It’s 8:37am on Thursday, April 11th.  I am standing at the intersection of MLK and 21st holding a stop sign, iPhone, a clipboard holding a sheet of paper that contains the amended “strike schedule” and two-way radio.  I wish I had another hand or perhaps radio holster embroidered with a colorful Southwest textile.  The teachers have just started to gather on the other side of the street, holding their picket signs that contain vague slogans such as “Great teachers together.”  

It’s the first teacher’s strike in 30 years. Step back from the immediate scene and you’ll also see a line of mostly white women from out of town, protesting for much-deserved higher wages in a neighborhood where the average family makes less than $40,000 a year.  Students and families start to gather at the corner, asking me what is going on today and if there will be any lessons taking place.  My job is to assure them that everything is under control and they need to go to the cafeteria instead of their classrooms.  “Will Ms. M be here today, Ms. Crashley?”  “No, she won’t.”  “But why?”  My job is also to answer this question for the teachers lining the other side of the street.  

There is a break in the flow of children and families at the crossing.  I take a moment to squat down and stretch the muscles that attach my hips to my pelvis.  It’s now 8:46am.  I’ve been at school for 3 hours attempting to plan “outdoor learning activities” for an unknown number of students and “emergency replacement teachers.”  “Are you Ok, Ms.
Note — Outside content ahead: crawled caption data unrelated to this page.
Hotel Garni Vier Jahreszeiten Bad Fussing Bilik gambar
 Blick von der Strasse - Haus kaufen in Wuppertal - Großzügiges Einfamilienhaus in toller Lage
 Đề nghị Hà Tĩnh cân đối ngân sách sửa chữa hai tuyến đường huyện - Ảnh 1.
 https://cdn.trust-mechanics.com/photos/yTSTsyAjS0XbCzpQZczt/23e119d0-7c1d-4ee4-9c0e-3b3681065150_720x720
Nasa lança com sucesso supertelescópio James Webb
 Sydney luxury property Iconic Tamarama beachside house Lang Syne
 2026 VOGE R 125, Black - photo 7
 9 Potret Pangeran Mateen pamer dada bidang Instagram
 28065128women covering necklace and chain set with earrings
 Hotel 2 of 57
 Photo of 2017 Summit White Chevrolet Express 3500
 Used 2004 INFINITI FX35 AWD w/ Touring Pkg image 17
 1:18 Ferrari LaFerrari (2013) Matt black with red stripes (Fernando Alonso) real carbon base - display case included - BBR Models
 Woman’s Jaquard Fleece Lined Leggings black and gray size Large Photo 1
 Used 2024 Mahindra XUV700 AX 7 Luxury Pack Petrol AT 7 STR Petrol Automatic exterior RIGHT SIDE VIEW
Crashley?,” a 20-something, well-meaning, hard working teacher yells across the street.  “Yes.  Just stretching,” I shoot back.  Her question makes me feel like I have somehow feel like I have shown a sign of weakness.  

—–

I travelled home for one last visit before our baby is born.  My sister cried, because of the shame and guilt she feels around the wreckage of her past—the years of treating people people who love her the most as disposable, of not knowing the boundary between her own mental illness and personal decisions, of finally sitting with the weight we’ve all been carrying for the past ten years.  I don’t try to stop her tears or offer support, because this is a weight that needs to be felt.    

We sit down for dinner, the four of us, and remember that my brother can’t be there, because he relapsed again.  His survival hangs in the perpetual balance.  It’s hard to know if this time is worst than last year’s relapse, because last year’s felt like it had to be the bottom.  But it always seems to just get worse.

  There are tears and most of all there is anger around this dinner table.  I become the receiver of grief and vitriol, because perhaps the the nature of hopelessness unfettered is to obliterate all that might bring hope.  I take deep breaths in the midst of my panic trying to tell the baby that they are loved and do not need to feel all this.  I wake up at 4:30am in a strangers cabin and feel like there is snake wrapping around my chest.  The weight of rejection, fear and loneliness is crushing, like someone lifted a million heavy river rocks that had managed to settle in soul.  

Some people have baby showers.  I have this and I am still not sure why.  The meditation I listen to to help calm me down tells me that all this will make sense in retrospect.  I want it to make sense now.

Sugar and I left a day early from home.  I needed my corner of the world where I could feel safe again.  I slept for 6 hours straight snuggled between Moon and Sugar, and could feel the love stitching me back together.  

How do we bring babies into this broken world?  Perhaps one broken breath at a time.